The striking portrait of a boy wearing a hat and smoking a cigarette went missing from the University of Montana at some point in the 1950s. no one could discern exactly who had absconded with the artwork, and it was even featured in a 1990 journal as one of Montana’s “most important lost artworks of all time”. It was painted by Fra Dana (1874-1948), a regionally renowned female Impressionist who studied under William Merritt Chase and Mary Cassatt.

“This is a very important portrait for Fra Dana’s career,” Chacón said in a statement. “Not only do we see her at her most skilled as an Impressionist in the way she handles composition, light and colour, but we also see her interest in the subjects of the Ashcan School, an American movement from the East Coast at the turn of the century which focused on common subjects in an honest and sincere way. In this sensitive portrait of an indigenous boy living in two cultures, Dana brings the Ashcan to Montana. It is a powerful statement”.

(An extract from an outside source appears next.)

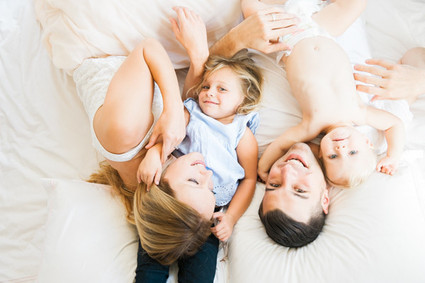 Lifestyle family photos at home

The portrait’s homecoming coincides with the museum’s move to a brand new building on the UM campus, scheduled for completion this autumn. It will be the museum’s first purpose-built, permanent home since its establishment in 1895. The institution quickly outgrew the space allocated to it and, from 1900 onward, it only existed in fractured iterations, shuffling from building to building—when not relegated to storage—for more than a century.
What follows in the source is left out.